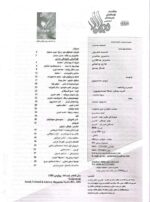 گوڤاری مه‌هاباد ژماره 64 - تصویر 2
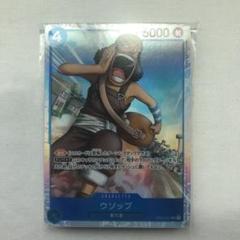 ワンピースカードゲーム SR スーパーレア ２０枚 まとめ売り ワンピ4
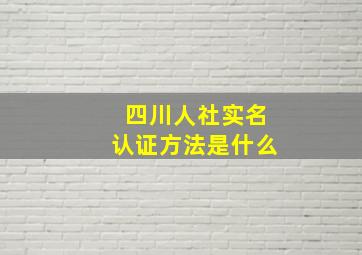 四川人社实名认证方法是什么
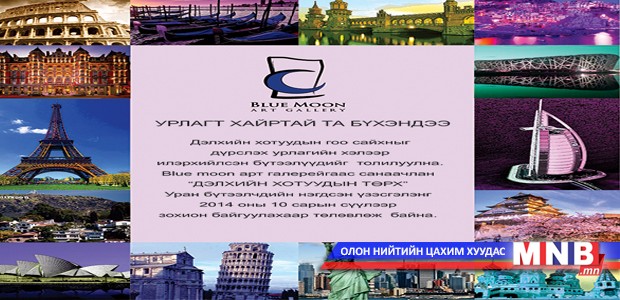 “Дэлхийн хотуудын төрх” үзэсгэлэн дэлгэгдэнэ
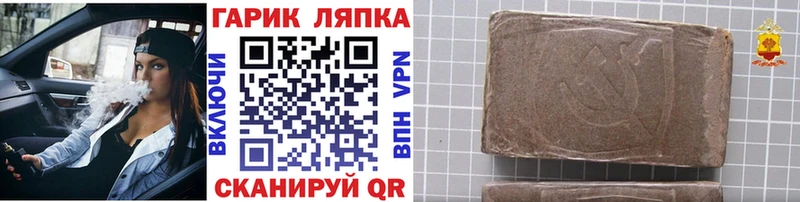 ГАШ VHQ Когалым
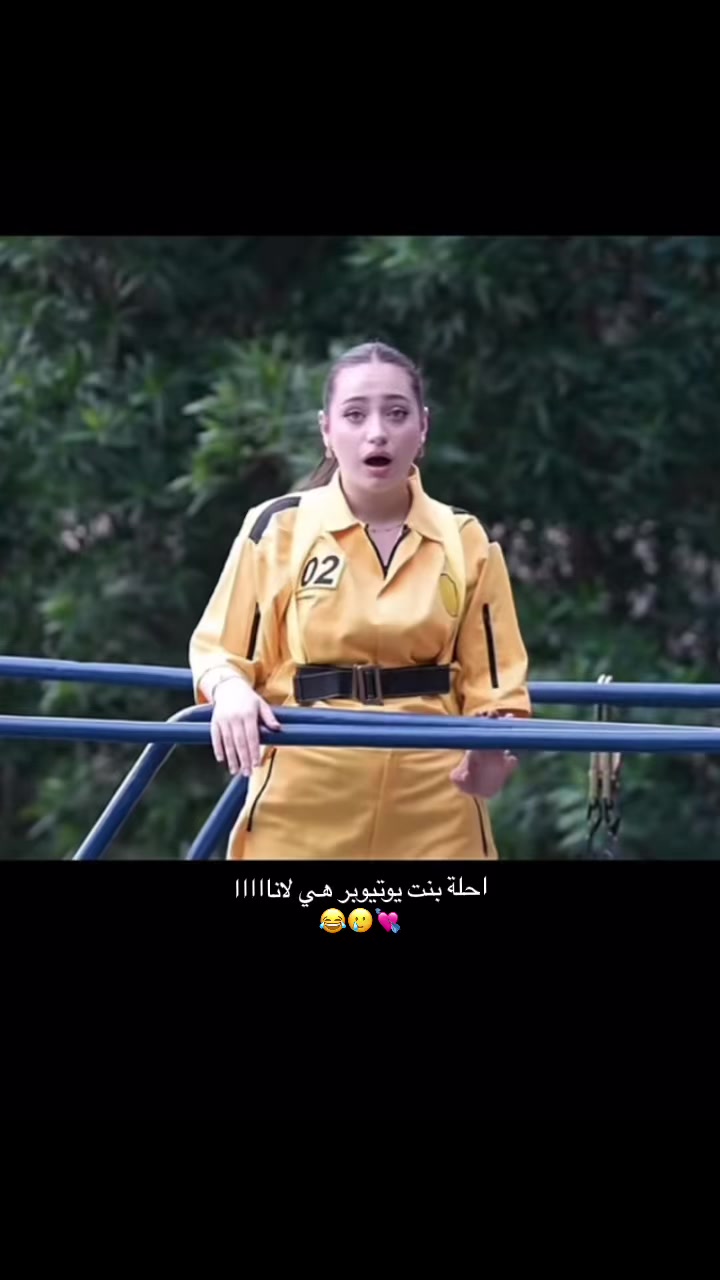 @nazlle | نازلي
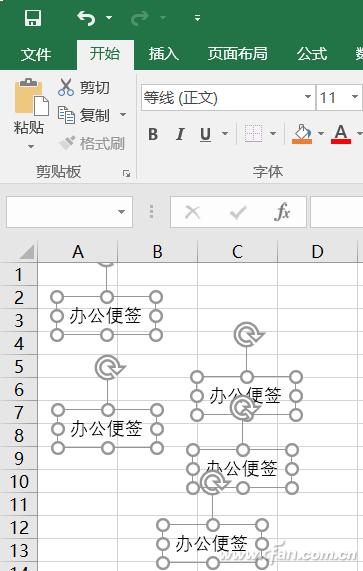 快速删除多个Excel文本框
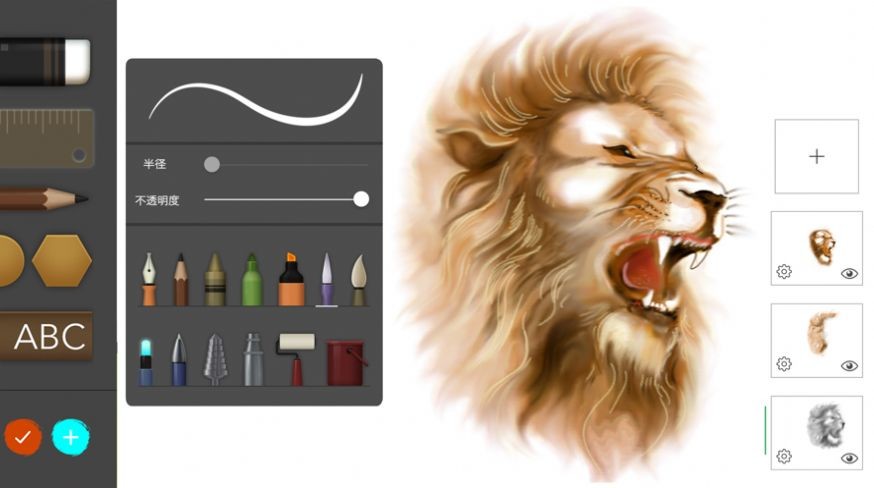 RealisticPaintStudio安卓版截图4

*Assignment*.
Exclude all pictures and reproduce verbatim the lines running from the line that contains "ワンピースカードゲーム SR スーパーレア ２０枚 まとめ売り ワンピ4" to the end of the data above, both ends included.

*Answer to this task*.
 ワンピースカードゲーム SR スーパーレア ２０枚 まとめ売り ワンピ4
 四川人社实名认证方法是什么
 “Дэлхийн хотуудын төрх” үзэсгэлэн дэлгэгдэнэ
 ГАШ VHQ Когалым
 @nazlle | نازلي
 快速删除多个Excel文本框
 RealisticPaintStudio安卓版截图4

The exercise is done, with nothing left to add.